The online catalog points to a new U-M Library system called MBooks that was developed specifically for the materials digitized by Google. The system, intended to support scholarly research, was designed to meet the specialized needs of researchers by providing more information about works in the collection and” where allowed” actually making the text of works available through the catalog. In addition to a page-turning function, the online material includes updated bibliographic information, persistent URLs” essential for proper citation” and the ability to change resolution (i.e. zoom in or out), and to change format (such as converting to PDF). The ability to magnify or rotate the image is particularly important for researchers who must study detailed images such as formulas for chemical compounds or intricate historical cartography, and for persons with some disabilities.
From the initial days of the partnership, the University Library has anticipated providing these services to its research community, said John Wilkin, co-interim University librarian. “One of our goals has been to create a digital archive that not only preserves the Library’s collections for future generations, but also allows today’s researchers and scholars to make use of the myriad research opportunities offered by a digital archive. Our partnership with Google is helping us accomplish this goal at an unprecedented pace. “
For uncopyrightable works (such as works created by the U.S. government), works in the public domain, and works authorized for public display by the copyright holder, the text will be fully viewable. For all material, the user may search within a volume and retrieve the number of times a search term appears per page. This feature is useful, not only for determining relevancy, but also for scholarship requiring precise and exhaustive citation.
“A project like this, where we are comprehensively digitizing an entire research library of approximately 7 million volumes, results in an extremely broad cross-section of titles being archived. The materials represent a date range of more than 300 years, dozens of languages, and every major subject area in the University Library’s collection,” Wilkin said.

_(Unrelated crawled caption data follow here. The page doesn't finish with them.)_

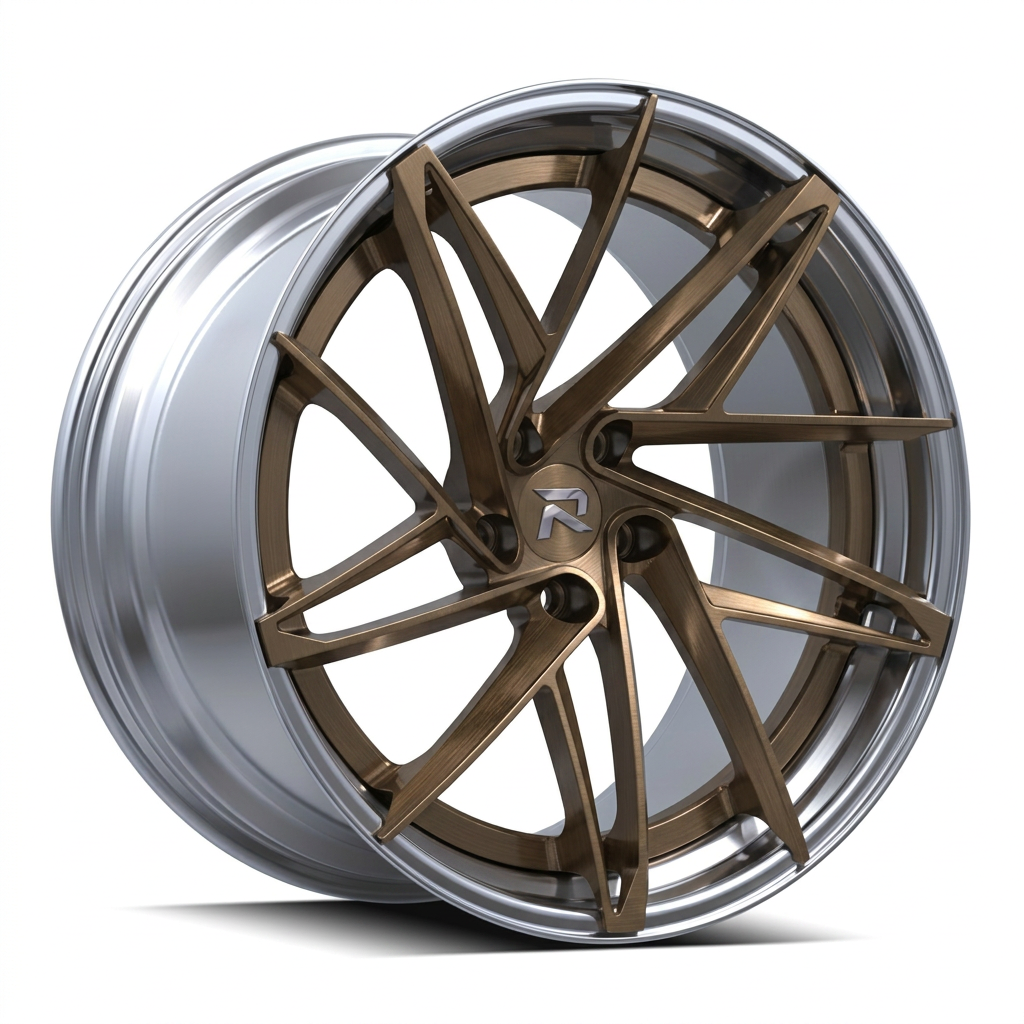 RZR CII forged wheel — Brushed Bronze / Polished Lip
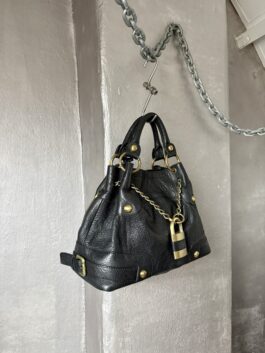 Vintage real leather handbag with gold hardware black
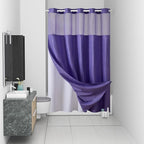 Furlinic Purple Small Stall No Hook Shower Curtain with Snap in Liner,Waffle Weave Heavy Duty Fabric Waterproof Bathroom Curtains,Washable Shower Curtain Set with See Through Window 36x72 Inch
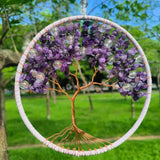 1 Pc Tree of Life Crystal Wall Pendant Natural Stones Amethyst Lapis lazuli Citrine Rose Quartz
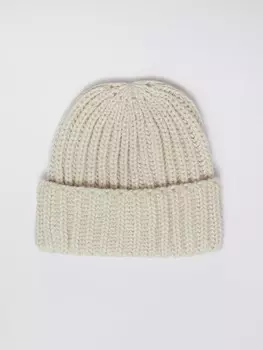 Тёплая вязаная шапка-бини из акрила с отворотом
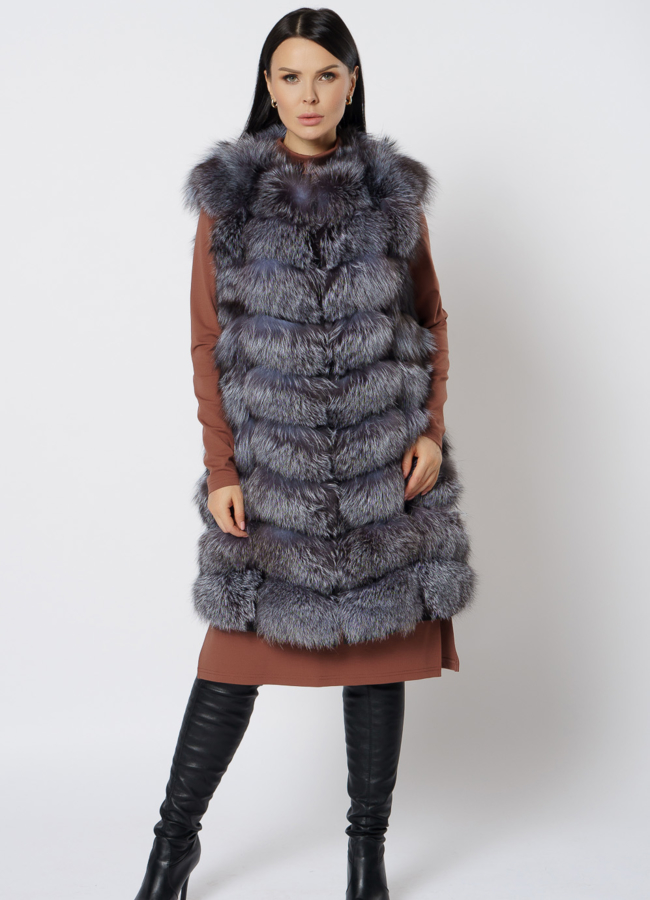 фото Удлиненный жилет из чернобурки модель № 21721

Included in the material will be the University’s extensive federal government document collection. A small sampling of documents available today includes the diplomatic correspondence of Benjamin Franklin and John Adams, and approximately 2,200 Congressional hearings from the 1970s and 1980s.

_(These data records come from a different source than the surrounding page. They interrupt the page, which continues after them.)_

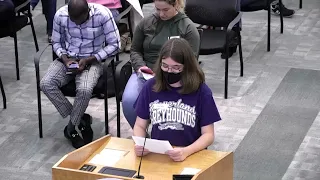 Me speaking at my HISD book meeting about flamer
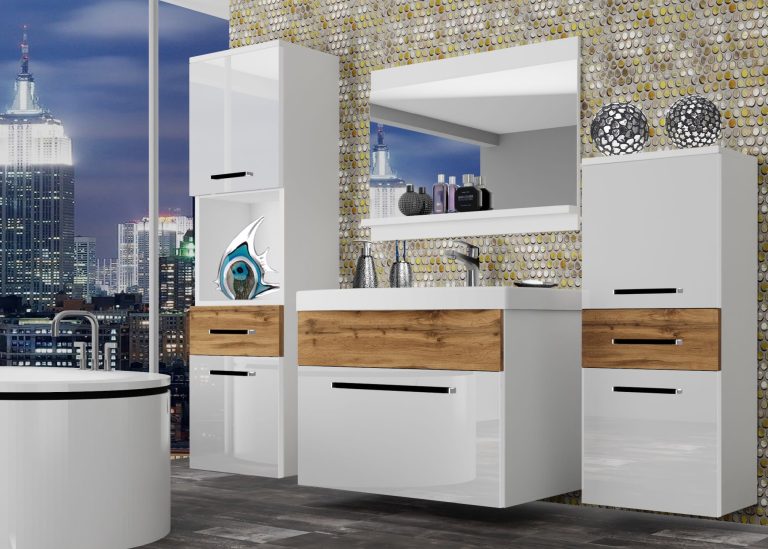Mobili da bagno Belini bianco lucido / rovere wotan + lavabo + specchio Produttore ROD PM 5/0/W/WDW/0/ZW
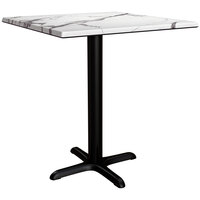 Lancaster Table & Seating Excalibur 27 1/2" x 27 1/2" Square Standard Height Table with Smooth Versilla Finish and Cross Base Plate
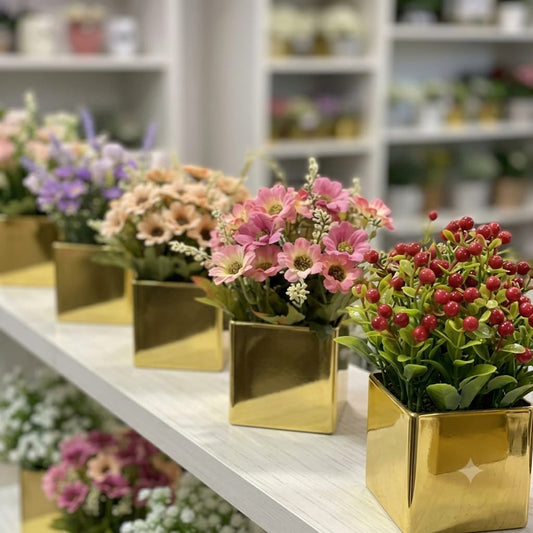 Golden Acrylic Flowers Pots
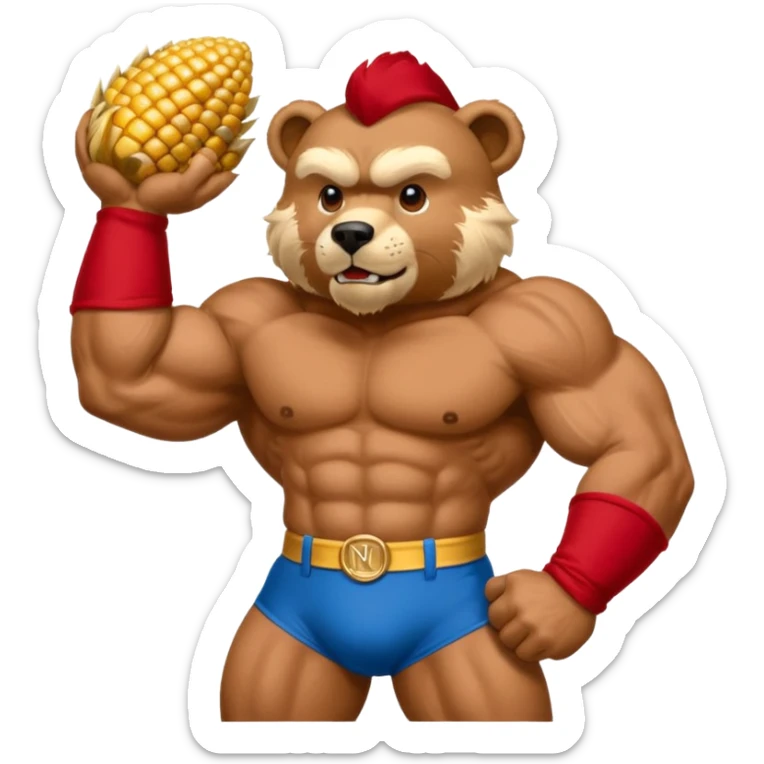 Can you create a emoji of threw Nebraska Cornhusker mascot sitting on top of the UCLA Bruin mascot sticker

Productive scholarship, from the modest freshman term paper to the most advanced research project, depends on quality of search and ease of access to source materials, said John King, Vice Provost for Academic Information. “These new systems will bring a transformation in scholarly productivity and quality. Scholars will be able to find virtually everything available on their topic easily and quickly. Public domain materials will be available instantly, while copyrighted materials will be readily accessible through the library’s conventional processes. “
The University of Michigan Library is one of the top ten research libraries in North America. The Library’s mission is to support, enhance, and collaborate in the instructional, research, and service activities of the faculty, students, and staff, and contribute to the common good by collecting, organizing, preserving, communicating, and sharing the record of human knowledge.